Fellow Republicans paying attention to the NY Senate race should take not of this recent poll:

There’s an old political axiom: You can’t beat somebody with nobody. At least not in real life. But nobody comes pretty close in a new Rasmussen Reports survey of one of New York’s two U.S. Senate races this year.

Thirty-nine percent (39%) of likely voters favor incumbent Democratic Senator Kirsten Gillibrand, while 34% opt for an unnamed generic Republican candidate. Ten percent (10%) favor former Tennessee Congressman Harold Ford Jr., now a Manhattan investment banker. Seventeen percent (17%) are undecided.
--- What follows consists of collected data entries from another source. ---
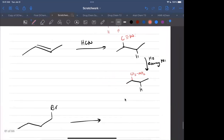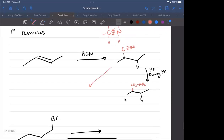Another way: if you have a nitrile group and hydrolyze it, you get a carboxylic acid. There are ways to further reduce that carboxylic acid, but the nitrile hydrolysis route is a way to get a carboxylic acid, from which you can make many other things.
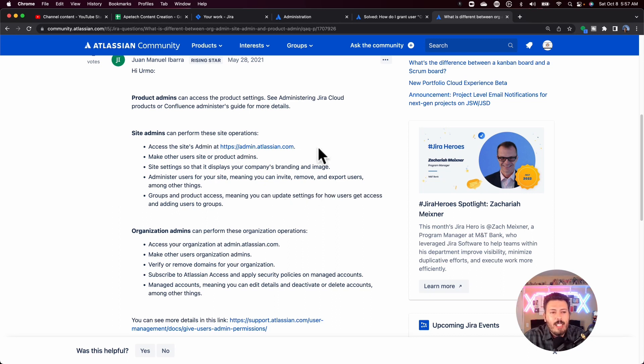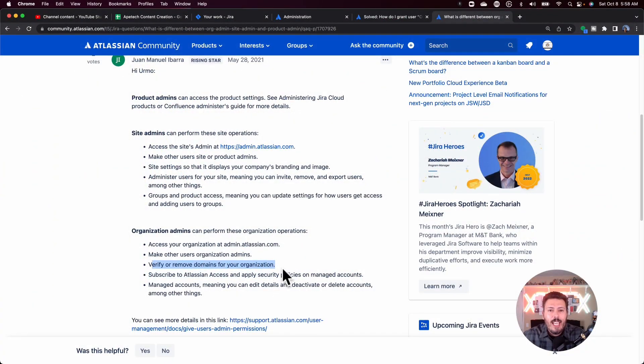Looking at the differences between admin types, org admins have access to the organization — they can change the organization name and make other users org admins as well. Importantly, in order to add an org admin, you have to already be an org admin. A site admin can't go there and add themselves. So be very careful in the situation where your current org admin quits, leaves, or is fired, and you're left without one. Actively manage who your org admins are.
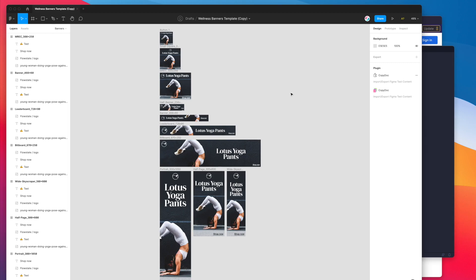Hi everyone, this is Adam from Figmatic and today I'm going to be showing you how to localize or translate your Figma designs with XLIFF files using the CopyDoc plugin.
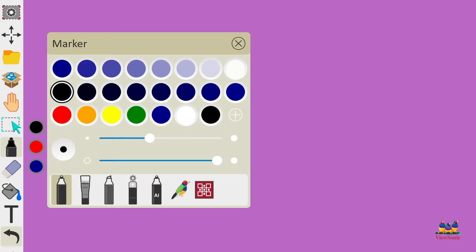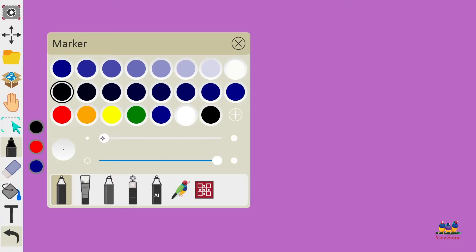The slider below the colors is the line thickness, and the slider below that is for transparency.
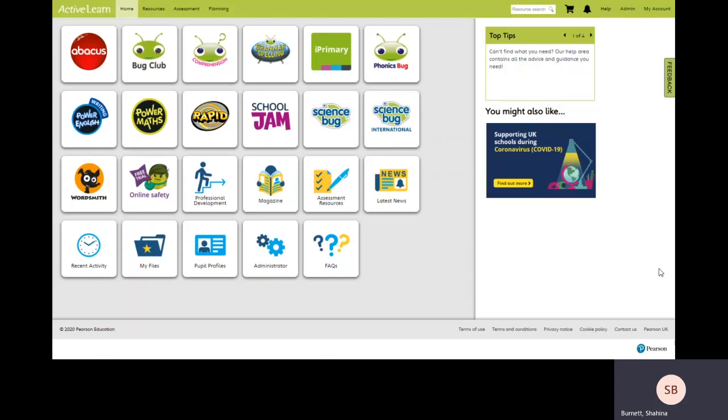In this video I'm going to show you how to allocate books to your class and how you can monitor your students' progress as they work through the embedded comprehension activities.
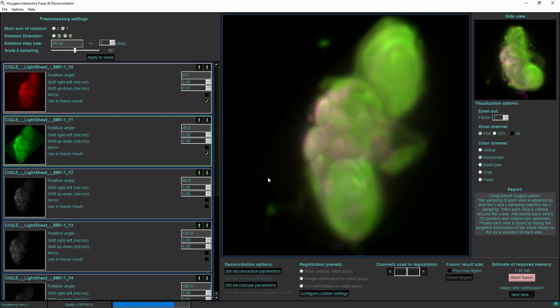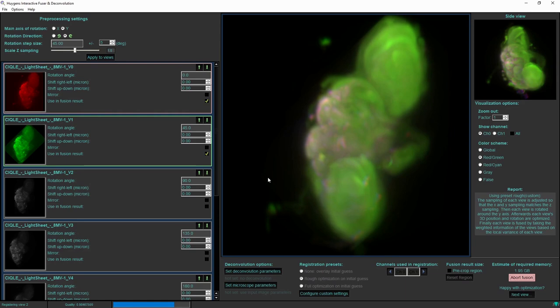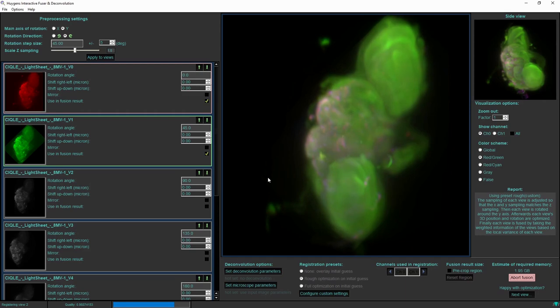So the end result would be the same as it would have been if I had given it a correct initial estimate of the shift at an accuracy of one to a couple of pixels. But now it has automatically found this relatively large shift that was present between the red and the green images in the initial view.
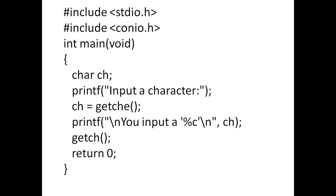Include stdio.h, include conio.h - the standard input output header file and console input output header file. These two header files are used in the program.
Ford is considering a Democratic Primary challenge of Gillibrand, who has been widely criticized in her own party ever since Governor David Paterson named her to the seat vacated by Hillary Clinton last year. Gillibrand leads Ford 48% to 23% among likely primary voters.

Ford also reportedly is thinking about skipping the primary process and running as an independent.

Among Republicans, both former Governor George Pataki and ex-New York City Mayor Rudy Giuliani have been mentioned as possible Senate candidates. Rasmussen Reports tested both these hypothetical match-ups in November.

Giuliani led Gillibrand by 13 points at that time – 53% to 40%. Against Pataki, Gillibrand came out barely ahead, 45% to 42%, nearly identical to findings two months earlier.

The problem for Republicans is Pataki has expressed no public interest in the race, and Giuliani pulled himself out of consideration within days after the November poll. Now Congressman Peter King, who initially ruled out a Senate run, says he is reconsidering. No major Republicans are in the race at this time.

Unlike in many other states, the national health care plan proposed by President Obama and congressional Democrats is less of a factor in Republicans’ favor in New York. Forty-eight percent (48%) of Empire State voters favor the plan, while 49% oppose it. Those numbers include 26% who Strongly Favor it and 38% who Strongly Oppose, again a narrower gap than is found in most states and nationally.

The bigger problem for Gillibrand and other incumbents nationally may be views about the economy. Only six percent (6%) of New York voters describe the U.S. economy as good or excellent. Forty-eight percent (48%) rate it as poor.

Thirty-three percent (33%) say economic conditions in the country are getting better, but 37% think they’re getting worse. Twenty-three percent (23%) say conditions are staying about the same.

Just nine percent (9%) percent of New York voters have a very favorable opinion of Gillibrand, while nearly twice as many (17%) view her very unfavorably. Fourteen percent (14%) have no opinion of the incumbent.

Ford is seen very favorably by six percent (6%) and very unfavorably by 10%.. But 34% don’t know enough about Ford to venture even a soft opinion of him.

At this point in a campaign, Rasmussen Reports considers the number of people with strong opinions more significant than the total favorable/unfavorable numbers.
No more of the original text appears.